Short web captions
------------------------------

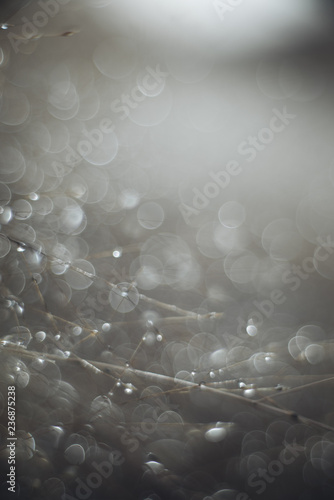 Bokeh lights from dew on grass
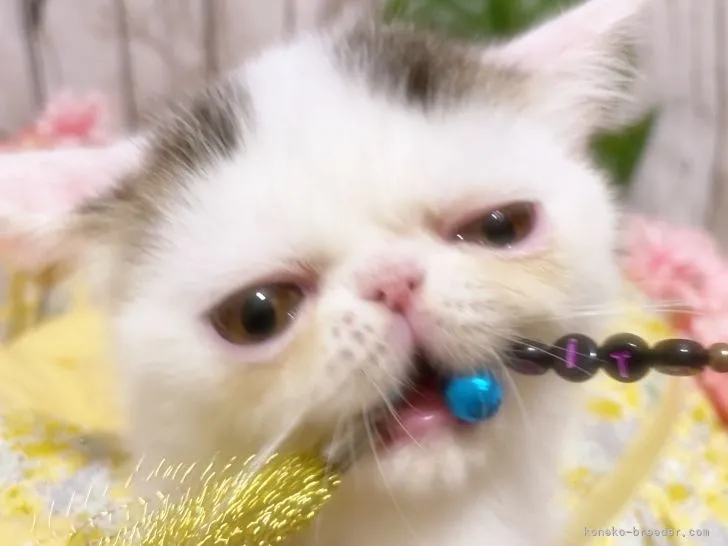 ID:2104-01346の子猫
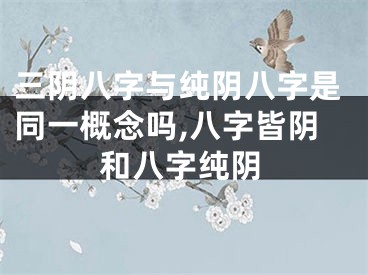 三阴八字与纯阴八字是同一概念吗,八字皆阴和八字纯阴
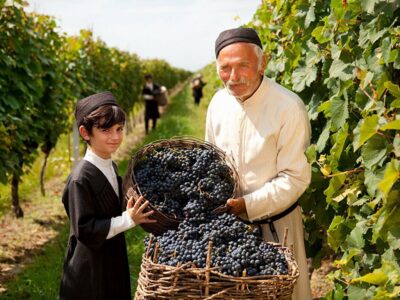 Какабеті, збір врожаю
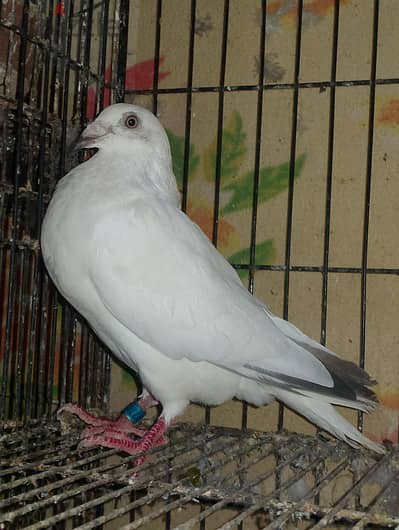 بنوتة  تاصيلة قويه جيدا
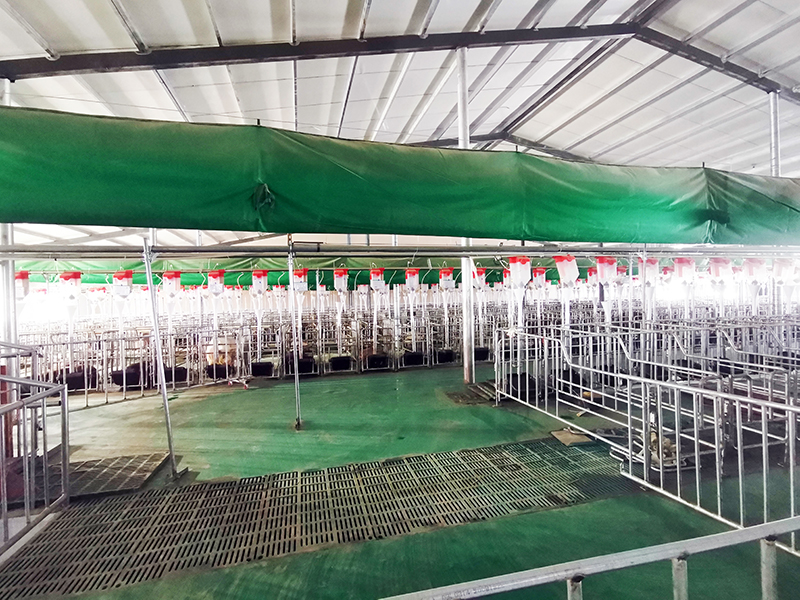 1637718546863378.jpg 1637718546863378.jpg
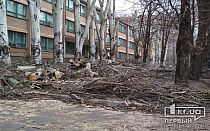 Фото новости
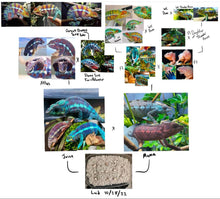 Load image into Gallery viewer, AMBANJA FEMALE Panther Chameleon: Ambanja x Ankify (I10)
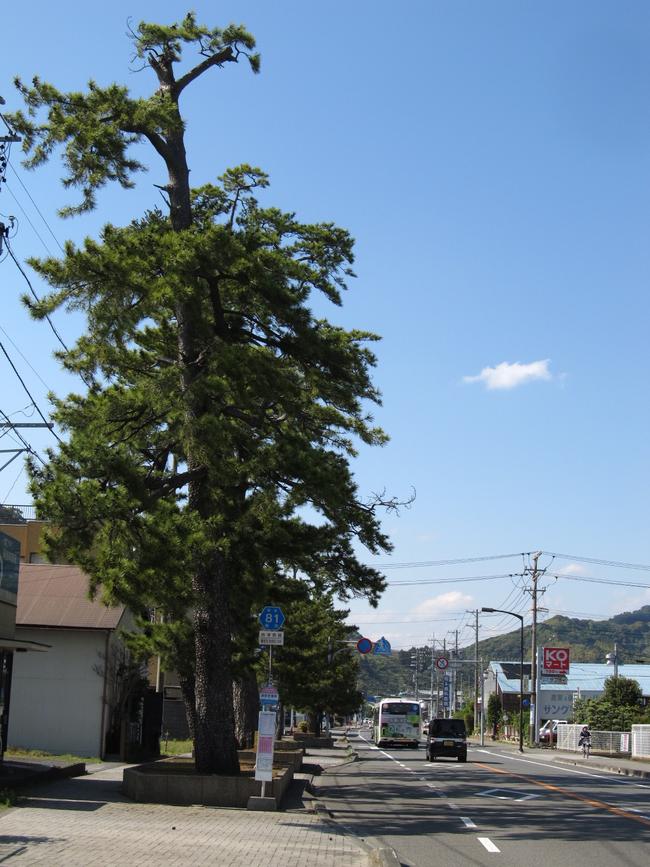 岡部営業所付近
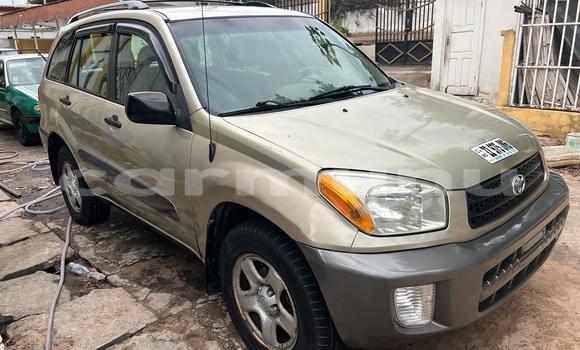 Acheter Neuf Voiture Toyota RAV4 Beige à Brazzaville, Commune de Brazzaville Acheter Neuf Voiture Toyota RAV4 Beige à Brazzaville, Commune de Brazzaville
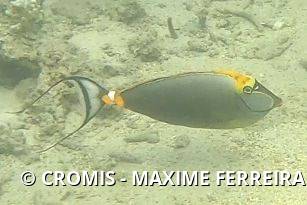 Nason à éperons orange de l'océan Indien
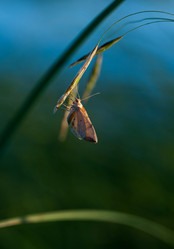 Similar image 2916962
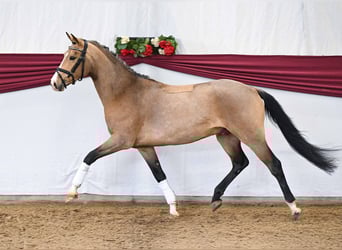 Duitse rijpony, Ruin, 3 Jaar, Buckskin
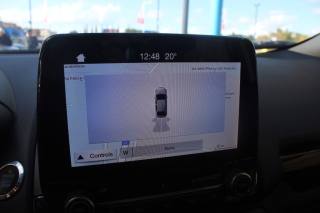 FORD EcoSport usata, con Bracciolo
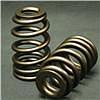 PAC 1218 Valve springs-278-2.jpg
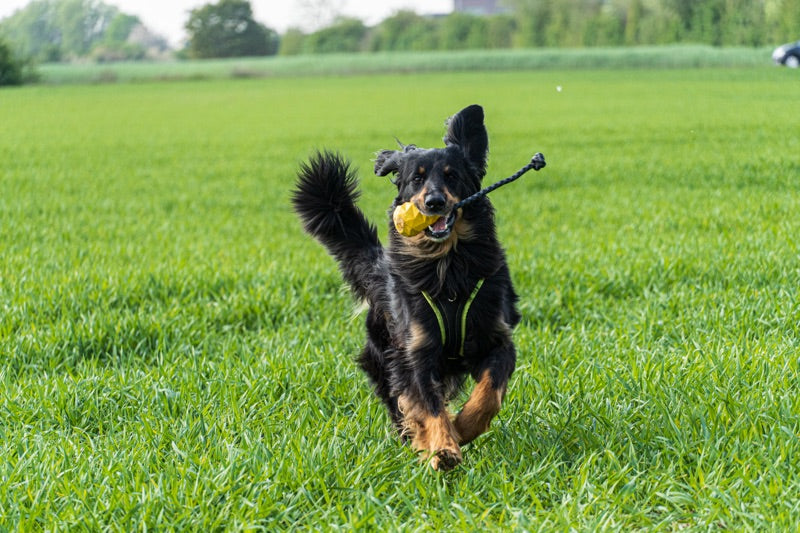 Großer Hund mit Hundegeschirr draußen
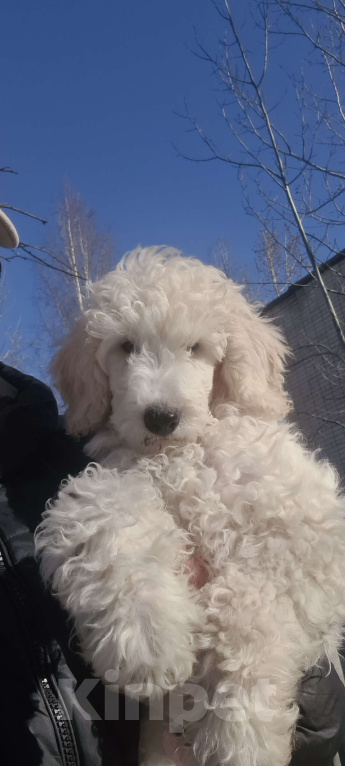 Собаки в Москве: Щенок среднего ( малого ) пуделя белого окраса Мальчик, 50 000 руб. - фото 1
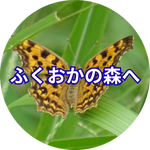 ふくおかの森へ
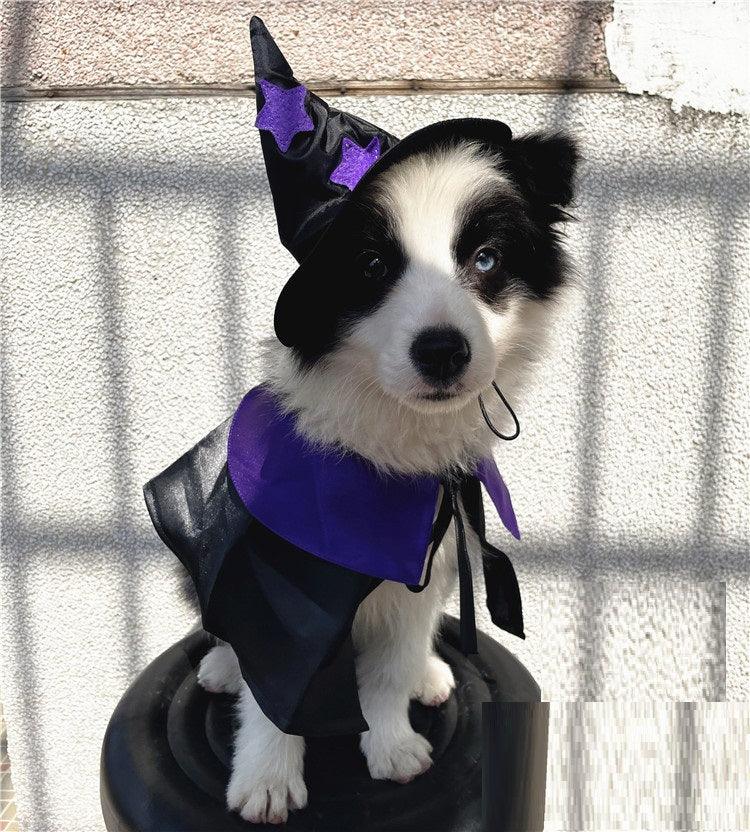 Enchanting Pet Halloween Wizard Costume Set-2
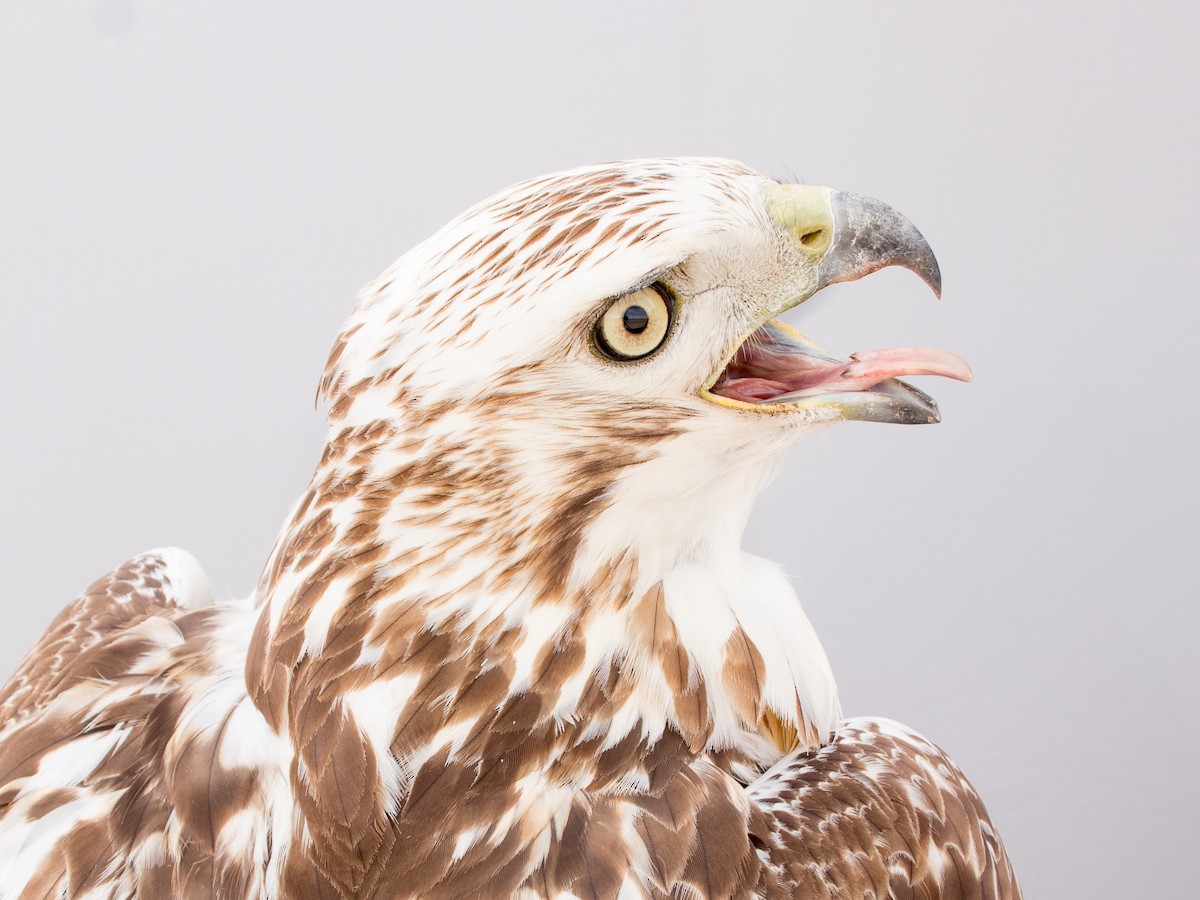 Red-tailed Hawk (Krider's) - ML623004231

------------------------------

**About this task:** Nothing but the lines from the one with "三阴八字与纯阴八字是同一概念吗,八字皆阴和八字纯阴" up to and including the one with "PAC 1218 Valve springs-278-2.jpg" should be printed, exactly as they read above. Please keep the pictures out.

**Answer box:**
 三阴八字与纯阴八字是同一概念吗,八字皆阴和八字纯阴
 Какабеті, збір врожаю
 بنوتة  تاصيلة قويه جيدا
 1637718546863378.jpg 1637718546863378.jpg
 Фото новости
 Load image into Gallery viewer, AMBANJA FEMALE Panther Chameleon: Ambanja x Ankify (I10)
 岡部営業所付近
 Acheter Neuf Voiture Toyota RAV4 Beige à Brazzaville, Commune de Brazzaville Acheter Neuf Voiture Toyota RAV4 Beige à Brazzaville, Commune de Brazzaville
 Nason à éperons orange de l'océan Indien
 Similar image 2916962
 Duitse rijpony, Ruin, 3 Jaar, Buckskin
 FORD EcoSport usata, con Bracciolo
 PAC 1218 Valve springs-278-2.jpg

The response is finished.